At the end of the episode, we get a glimpse of this new DEA. They're a bunch of lanky, tanned men shaped in the mold of Camarena's co-worker Jaime Kuykendall (Matt Lescher). They're undercover agents posing as fishermen and deadbeats – but they have guns, and they have targets.
Camarena's death also had repercussions for how the DEA handled threats in the future in all of its offices. "Because of the Camarena case, even the mere allegation of a threat is the tripwire that unleashes DEA's fury," Jay Bergman, former regional director of the DEA's Andean office, told the Los Angeles Times. "The message is loud and clear: Just thinking about harming an agent will turn your world upside down."
What happened to Felix Gallardo?
In their final conversation, a beat-up Kiki Camarena issues a prediction to Felix. "You fucked up, man," he says. Camarena would know better than anyone. Gallardo has staked his entire empire on the protection of the government and the DFS. He made a deal with "serpents," as Don Neto (Joaquín Cosio) had called them. Without their protection, Gallardo is nothing.
That's exactly what Gallardo leans into the finale. Camarena's death leads to intense media scrutiny. Soon, the entire enterprise unravels, and the DFS is revealed to be entirely corrupt. Cops turn on each other. It's a mess. Don Neto and Gallardo need to get out. Don Neto goes to Puerto Vallarta for one last spurt of hedonism before prison (or death). Gallardo calls on his last reliable government contact: His former boss and godfather, the governor of Sinaloa Leopoldo Celis. Celis agrees to let him stay in his safe house for three days before fleeing to Latin America. However, Celis sells out his location to Comandante Calderoni (César Cedillo), who is working with the DEA.

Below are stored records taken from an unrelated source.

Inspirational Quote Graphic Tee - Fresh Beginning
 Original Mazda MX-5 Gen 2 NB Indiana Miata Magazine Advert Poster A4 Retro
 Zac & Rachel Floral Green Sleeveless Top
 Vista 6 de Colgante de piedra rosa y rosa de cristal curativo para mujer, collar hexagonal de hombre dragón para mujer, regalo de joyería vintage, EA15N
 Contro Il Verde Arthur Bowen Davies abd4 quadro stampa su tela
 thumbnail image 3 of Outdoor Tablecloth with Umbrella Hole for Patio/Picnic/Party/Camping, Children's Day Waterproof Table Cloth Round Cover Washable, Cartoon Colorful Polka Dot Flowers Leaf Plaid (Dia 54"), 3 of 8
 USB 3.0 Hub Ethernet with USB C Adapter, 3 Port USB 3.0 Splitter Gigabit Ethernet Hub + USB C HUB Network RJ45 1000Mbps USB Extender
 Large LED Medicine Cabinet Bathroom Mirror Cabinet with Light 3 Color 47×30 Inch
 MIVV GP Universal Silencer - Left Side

Even with a gun to his head, Felix is able to negotiate for his freedom. Felix has six tapes from Camarena's investigation; in two of the tapes, Camarena names high-ranking officials that had been corrupt (including the Secretary of Defense). Felix gives Calderoni the chance to take the tapes and protect his bosses, in exchange for letting Felix go free. Essentially, the dude gets away with it. He takes control over his cartel, once again with the protection of the government.
So, the cat-and-mouse game isn't over, but the dynamics have changed. For one, Felix is the leader of a slightly crippled cartel, now missing its two other leaders. And, more importantly for season 5, he finally has an opponent with teeth.